During the 4 days of the National Planning Conference I attended sessions covering a range of topics including planner/planning ethics, social equity, small town and rural planning, general plans, physical plans and land use policy, land use regulation, demographic and cultural diversity, and sustainability, resiliency, and disaster recovery.
For me the APA National Planning Conference provided a juxtaposition between physical planning and social equity. On Monday April 3rd I attended the session Diversity Summit – Social Equity and Planning in the 21st Century. The Summit raised a number of important questions for planners. These questions included; is social equity a planning movement or a planning moment and have planners been effective in addressing social equity issues?

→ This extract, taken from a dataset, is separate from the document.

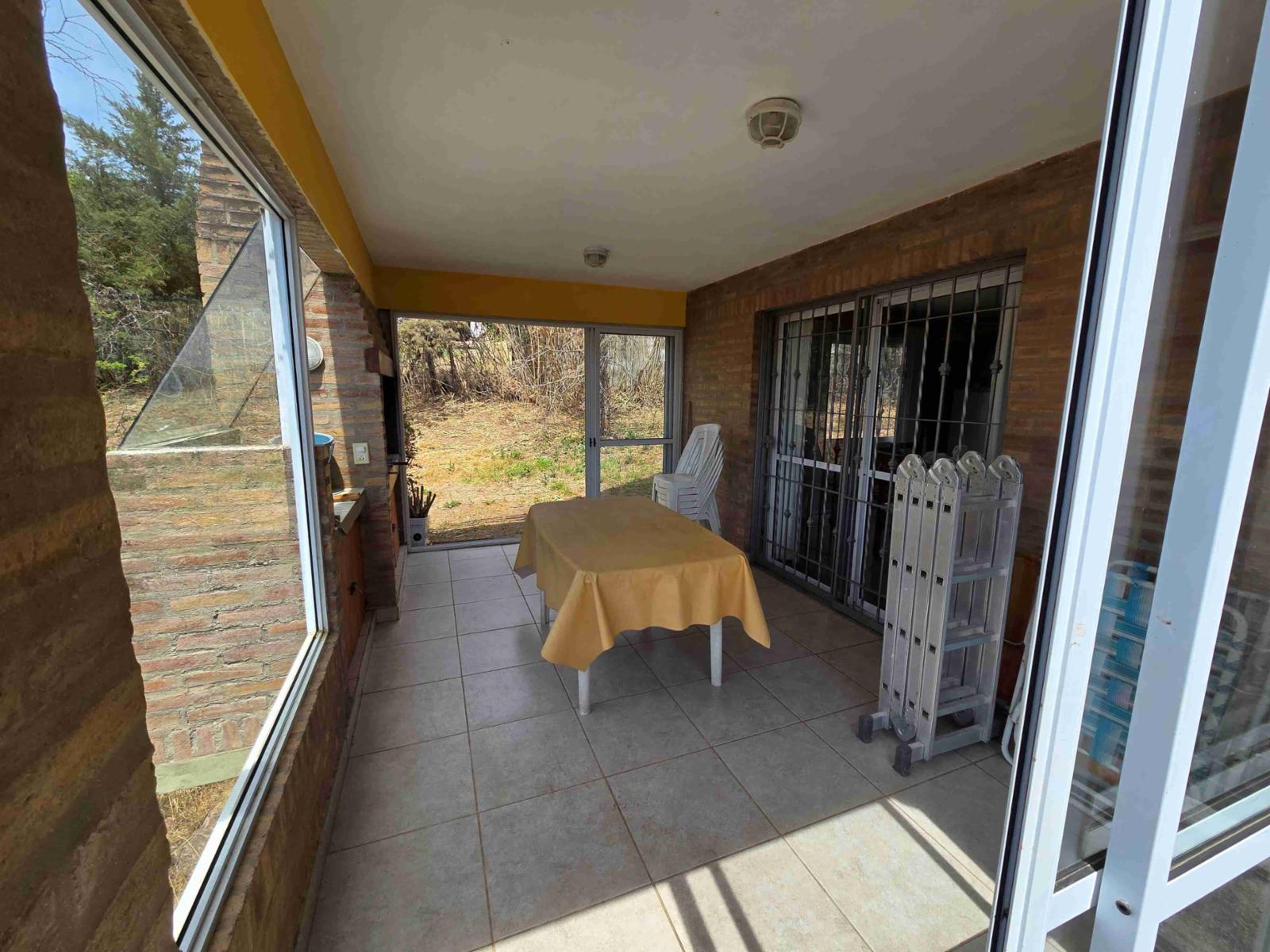 MUY LINDA CASA EN VENTA EN VILLA CARLOS PAZ, Barrio Residencial Villa del Lago. Con hermosa Pileta y Vista Panorámica. Apta para Crédito Bancario. — foto 2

Follow-up questions included; for whom do we plan and do the tools of planning create obstacles to inclusion and social equity? Diversity Summit speakers made a social equity-physical planning connection. They suggested a preoccupation by planners with physical planning diverts their attention from economic and social equity issues.
“plead the plans of many”
A recommendation for change and to bring social equity issues more completely into the planning lexicon was to require social equity impact analyses for all community plans and development application evaluations. The Diversity Summit highlighted that planners must be prepared to be advocates. Drawing on the works of Paul Davidoff, presenters asked planners to “plead the plans of many” and not follow, or accept, the notion that a single plan is capable of representing the public interest. The music and lyrics of the public interest is authored by many composers and sung by all community members. Planners must have well-tuned and receptive listening ears for those who sing softly and for those who do not sing (or have a voice) at all.
APA honored the 2016 National Planning Award recipients during the awards luncheon. Videos of all award winners were screened, presenting exemplary planning activities that took Conference attendees from Chicago, Illinois to Los Angeles and San Diego, California and then onto Gabon, Africa and Manila, Philippines. APA awarded 15 national planning excellence or achievement awards spotlighting high quality planning activities occurring throughout the US and in other countries.
After attending the APA National Planning Conference, I am enthusiastic about planning and to be planner. I am also reminded of my gratitude to those who possess the vision and the skills necessary to advance the well-being of every resident in every community. Planners must have the professional competencies and sensitivities necessary to provide the solutions to those “wicked problems.”
Bruce Parker, AICP
Principal, Planning and Development Services, LLC.